The flip side of owls being associated with prophetic wisdom in ancient Rome, for instance, has to do with the fact that so many of those prophecies involved death—so many that the bird might be seen less as prophetic and more as a harbinger. In addition to Dido’s death as described in the Aeneid, the deaths of Julius Caesar, Caesar Augustus, and Agrippa are also all said to have been heralded by an owl’s hoot. Other Roman beliefs included the sight of an owl predicting an imminent military defeat and a dream of an owl foretelling a shipwreck.
In Celtic lore, owls are often associated with the supernatural, misfortune, and death. As Shanon Sinn notes at the Living Library, one Welsh origin story for the owl tells of a woman made from flowers who is cursed as a punishment for attempting to murder her husband. According to the terms of the curse, she is turned into an owl, with her name—Blodeuwedd—forever being associated with this most hated of birds. The owl may also represent Gwyn ab Nudd, the wrathful King of the Faeries, according to Sinn; it may carry messages between the dead and the living, and it may—as in Rome—signify an approaching death.
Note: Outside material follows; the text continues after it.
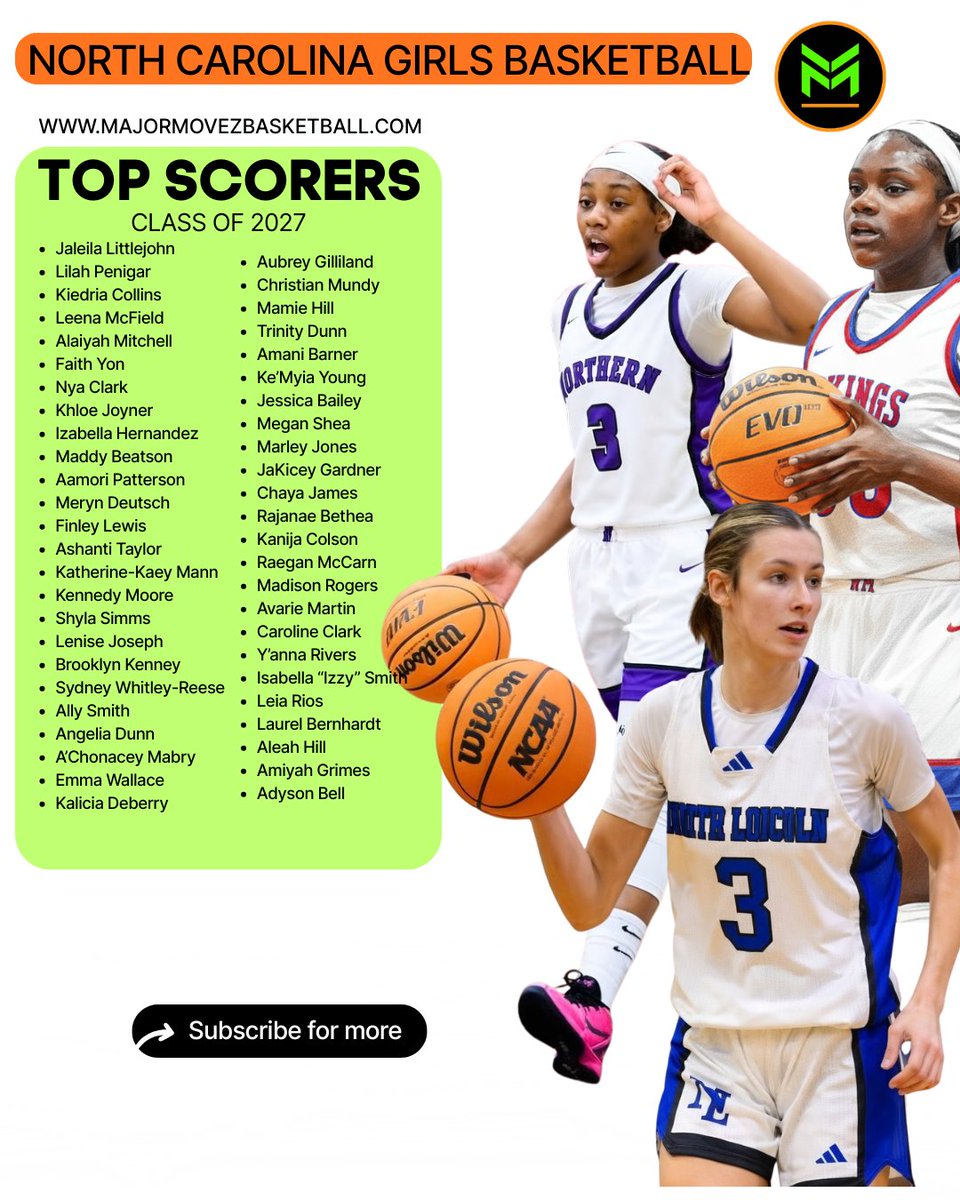 Major Movez Basketball Review #MMBR tweet media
Meanwhile, according to Hindu beliefs, owls may be either auspicious or inauspicious, depending on their context. The owl is commonly cited as the vehicle of Lakshmi, goddess of wealth and fortune; as such, owls may denote “wisdom in using wealth,” as Nikita Banerjee put it in the Times of India in 2016. However, owls have also been associated with Lakshmi’s sister, Nirrti, or Alaskhmi, goddess of calamity and destruction: In the Taittiriya Samhita, they’re described as one of the sacrifices made to Nirrti. Nikita Banerjee further noted in the Times of India that Lakshmi’s owl might sometimes be Nirrti herself accompanying Lakshmi on her travels; in this case, the owl represents “caution or [a] warning to use wealth intelligently, else all will be lost.”
And those represent just a few of the many, many stories about owls around the world—all of which depict owls slightly differently. To some, they’re wise; to others, they’re foolish. Some consider them good omens, while others view them as omens of ill fortune. As is the case with so many things, owls can represent anything we want them to. What do they mean to you?